→ **Work item**
Pictures stay out; everything else in the records is to be copied exactly.

→ **Source material**
:::::
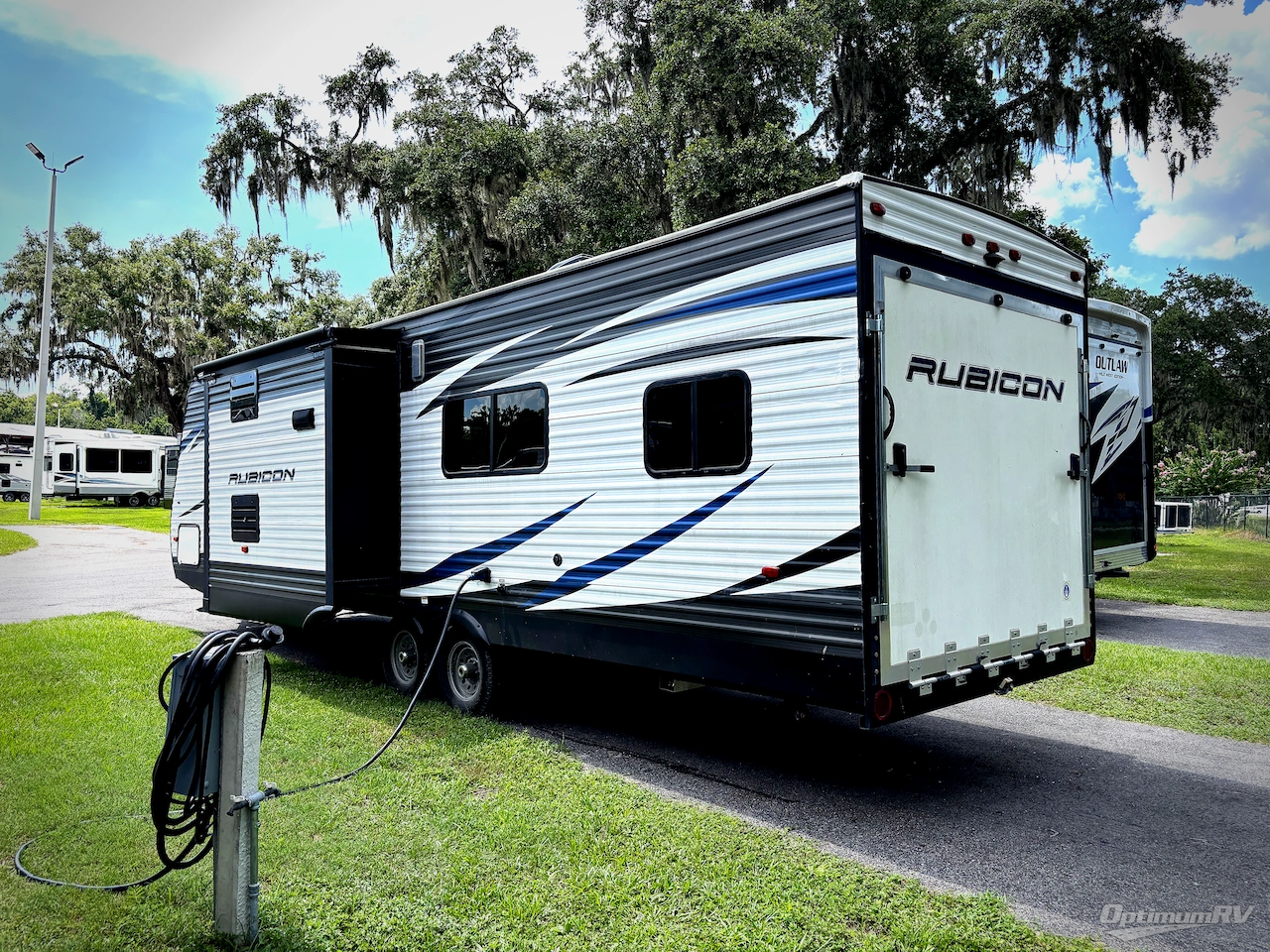 2018 Dutchmen Rubicon XLT 301XLT Photo 3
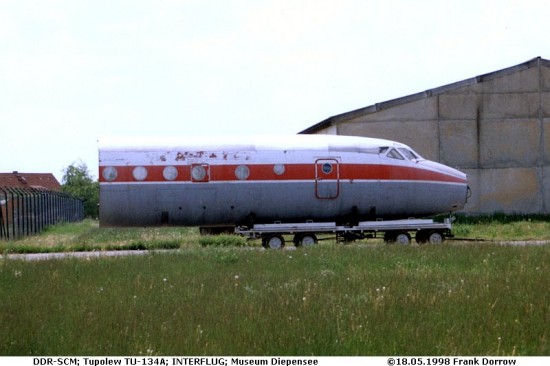 DM-SCM_TU-134A_Interflug_SXF-18051998_Bild-1_F-Dorow_W.jpg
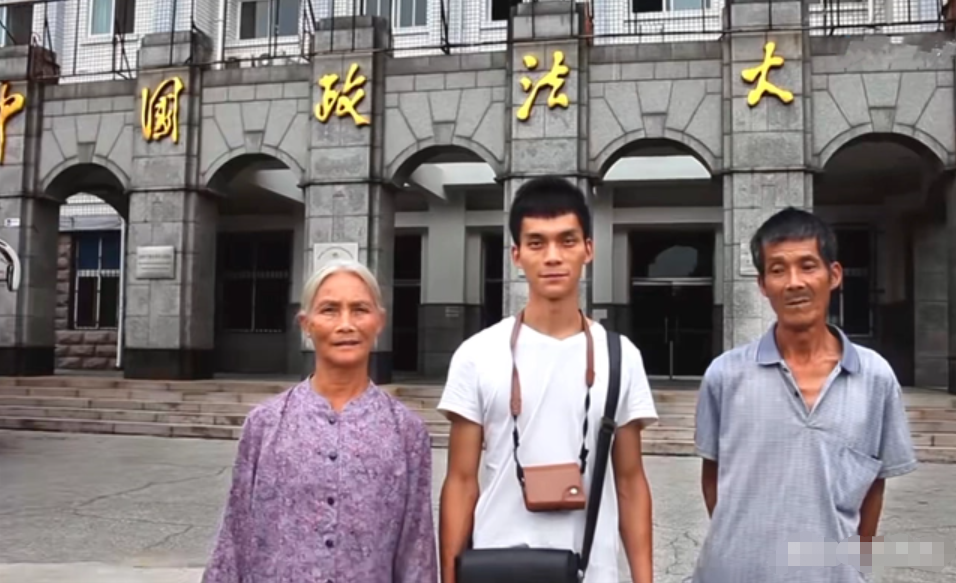 回顾广西小伙为考清华参加14次高考复读时父亲去世最后考上没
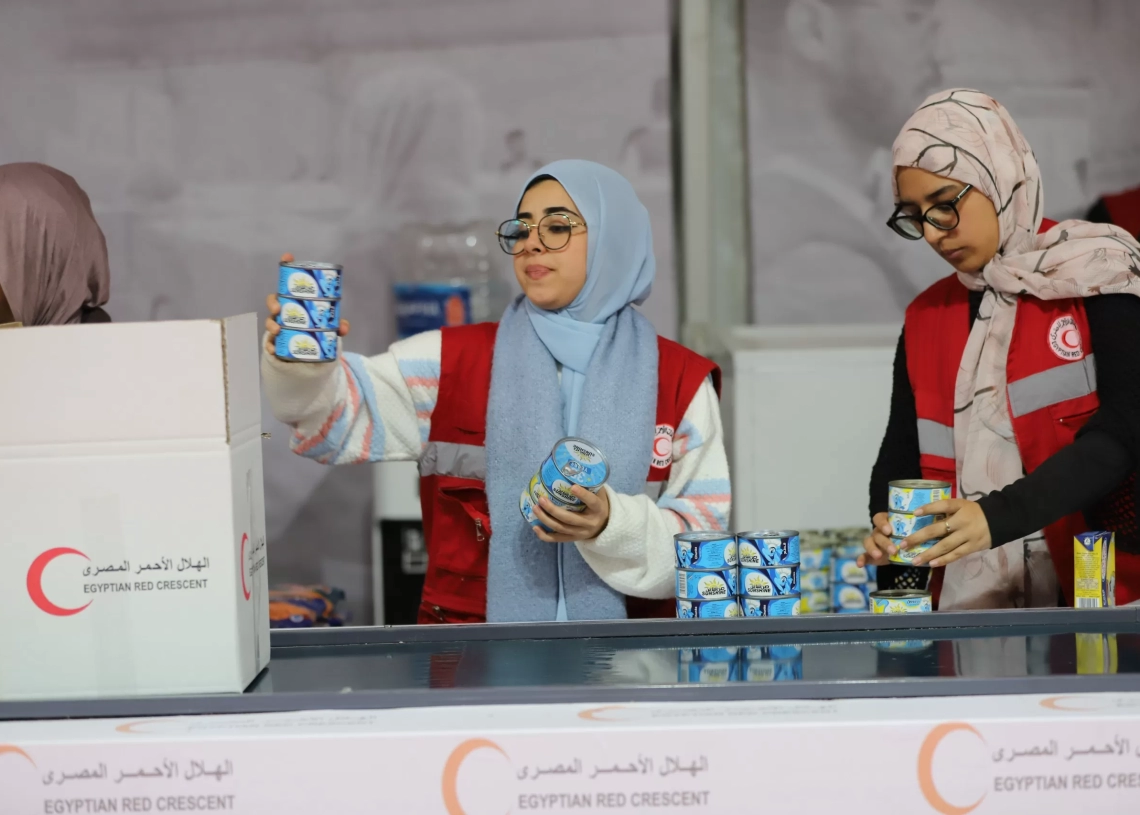 طلاب الجامعة الأمريكية فى الهلال الأحمر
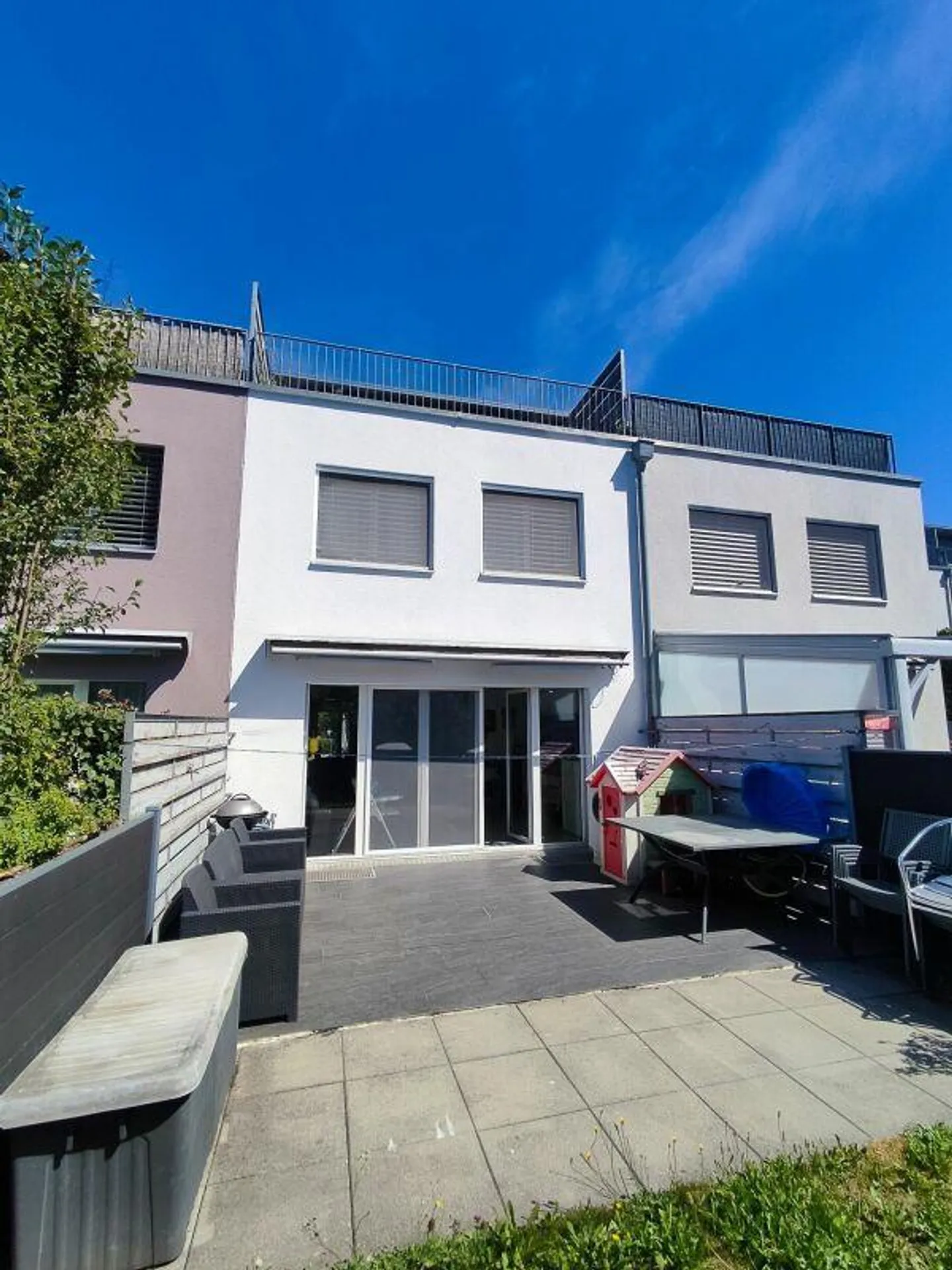 Casa familiare spaziosa in un ambiente idilliaco - Foto 1 di 13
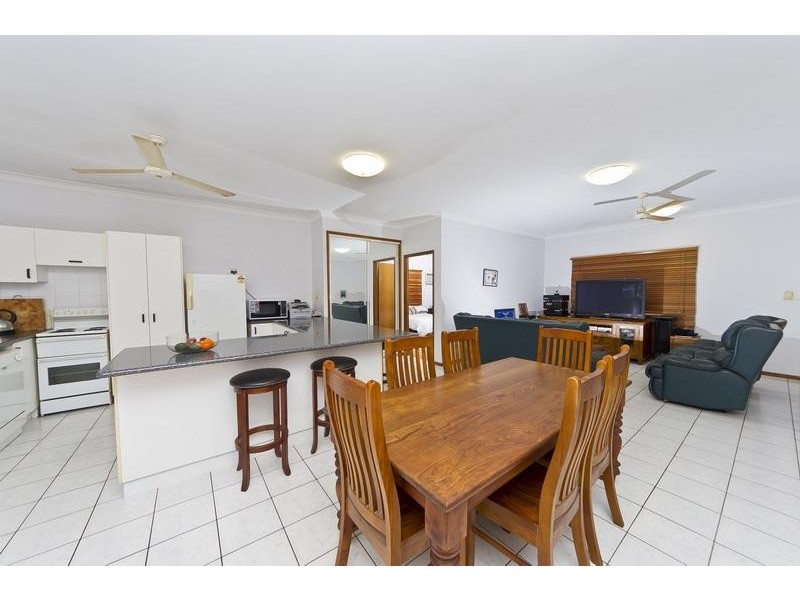 78 Wistaria Street, Holloways Beach QLD 4878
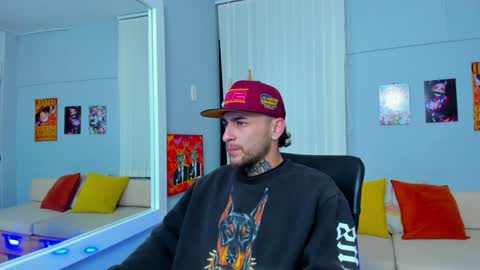 Snapshot of drako_lamar chatting on 01/11/25, 12:18 Drako online show from 01/11/25, 12:18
:::::
→ **Result below**
 2018 Dutchmen Rubicon XLT 301XLT Photo 3
 DM-SCM_TU-134A_Interflug_SXF-18051998_Bild-1_F-Dorow_W.jpg
 回顾广西小伙为考清华参加14次高考复读时父亲去世最后考上没
 طلاب الجامعة الأمريكية فى الهلال الأحمر
 Casa familiare spaziosa in un ambiente idilliaco - Foto 1 di 13
 78 Wistaria Street, Holloways Beach QLD 4878
 Snapshot of drako_lamar chatting on 01/11/25, 12:18 Drako online show from 01/11/25, 12:18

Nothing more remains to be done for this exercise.